DATA FOR REVIEW:
+++

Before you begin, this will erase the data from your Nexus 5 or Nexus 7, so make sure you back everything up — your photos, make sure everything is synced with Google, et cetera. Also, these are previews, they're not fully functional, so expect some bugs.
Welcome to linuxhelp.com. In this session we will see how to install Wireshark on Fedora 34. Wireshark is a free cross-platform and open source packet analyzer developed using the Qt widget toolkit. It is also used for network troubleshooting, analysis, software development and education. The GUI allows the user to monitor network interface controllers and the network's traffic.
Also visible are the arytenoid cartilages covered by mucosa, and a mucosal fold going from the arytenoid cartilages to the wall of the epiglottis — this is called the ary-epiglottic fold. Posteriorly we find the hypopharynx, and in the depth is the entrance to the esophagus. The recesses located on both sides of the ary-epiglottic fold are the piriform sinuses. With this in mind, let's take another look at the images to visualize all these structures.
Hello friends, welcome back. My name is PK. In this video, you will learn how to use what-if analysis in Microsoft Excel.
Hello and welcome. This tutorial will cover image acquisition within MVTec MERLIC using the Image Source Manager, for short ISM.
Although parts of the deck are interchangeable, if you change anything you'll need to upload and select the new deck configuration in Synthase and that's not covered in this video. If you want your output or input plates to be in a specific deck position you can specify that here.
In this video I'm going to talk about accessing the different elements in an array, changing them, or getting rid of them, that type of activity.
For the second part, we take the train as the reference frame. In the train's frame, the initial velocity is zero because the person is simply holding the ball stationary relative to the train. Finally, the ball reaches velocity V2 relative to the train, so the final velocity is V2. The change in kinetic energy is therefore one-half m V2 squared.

+++

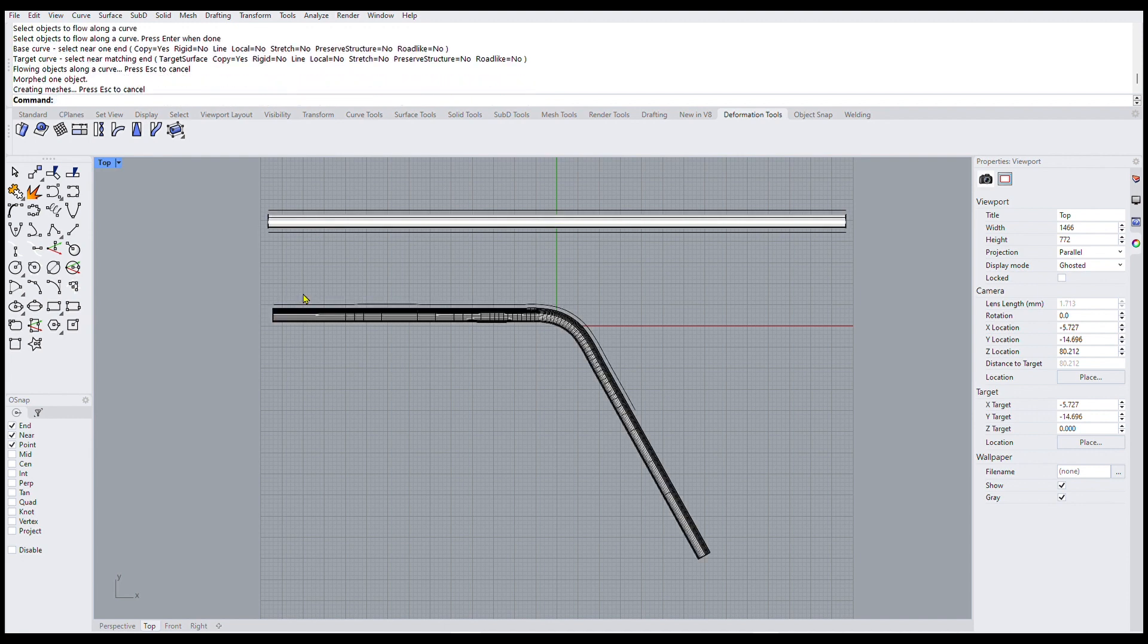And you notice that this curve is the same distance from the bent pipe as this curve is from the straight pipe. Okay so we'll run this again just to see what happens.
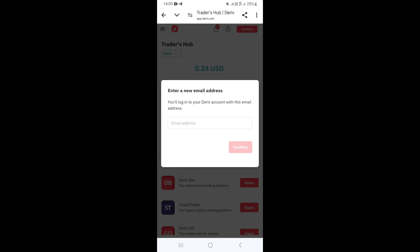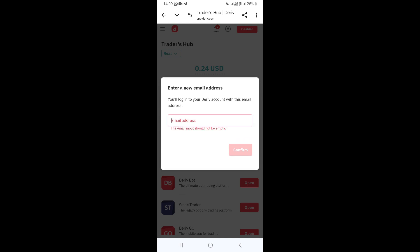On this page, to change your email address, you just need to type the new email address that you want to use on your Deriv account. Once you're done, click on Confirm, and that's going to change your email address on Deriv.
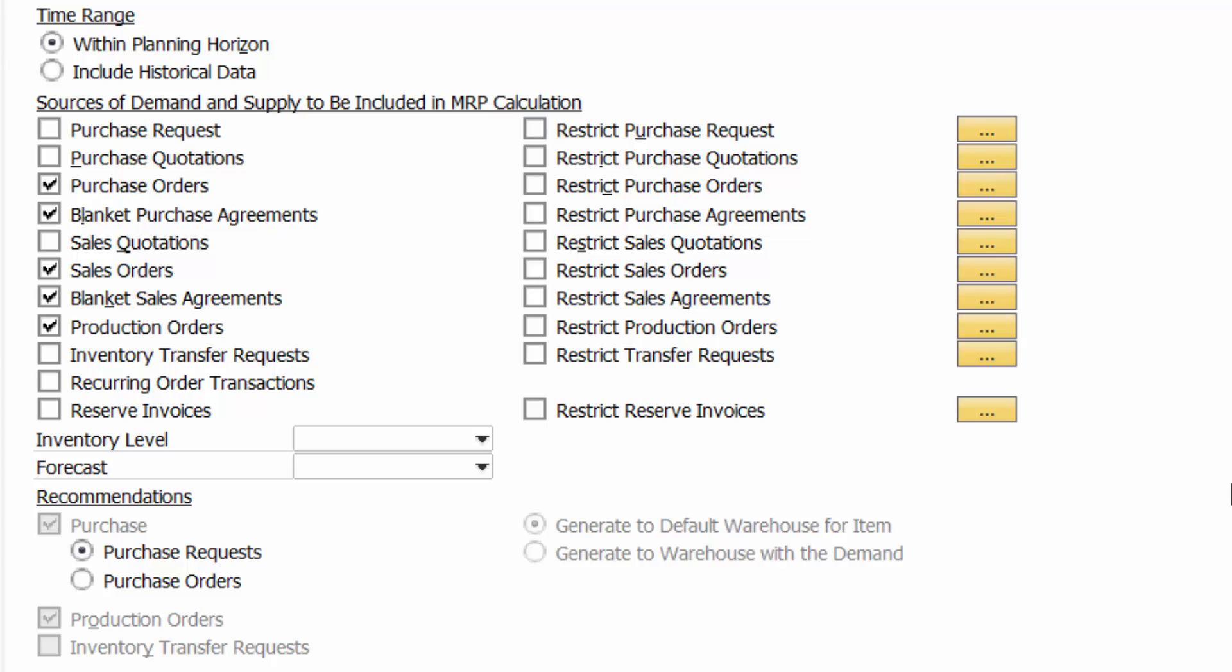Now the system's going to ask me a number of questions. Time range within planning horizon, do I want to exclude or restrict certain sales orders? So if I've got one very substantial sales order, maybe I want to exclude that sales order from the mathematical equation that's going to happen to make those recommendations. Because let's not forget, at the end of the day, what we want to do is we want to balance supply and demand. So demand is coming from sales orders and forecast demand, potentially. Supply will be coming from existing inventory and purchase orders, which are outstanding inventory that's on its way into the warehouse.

+++

WHAT YOU NEED TO DO: What is needed is an exact copy of the lines above, from the one holding "On this page, to" down to the one holding "Now the system's", with those two included and the pictures left out.

ANSWER BELOW:
On this page, to change your email address, you just need to type the new email address that you want to use on your Deriv account. Once you're done, click on Confirm, and that's going to change your email address on Deriv.
Now the system's going to ask me a number of questions. Time range within planning horizon, do I want to exclude or restrict certain sales orders? So if I've got one very substantial sales order, maybe I want to exclude that sales order from the mathematical equation that's going to happen to make those recommendations. Because let's not forget, at the end of the day, what we want to do is we want to balance supply and demand. So demand is coming from sales orders and forecast demand, potentially. Supply will be coming from existing inventory and purchase orders, which are outstanding inventory that's on its way into the warehouse.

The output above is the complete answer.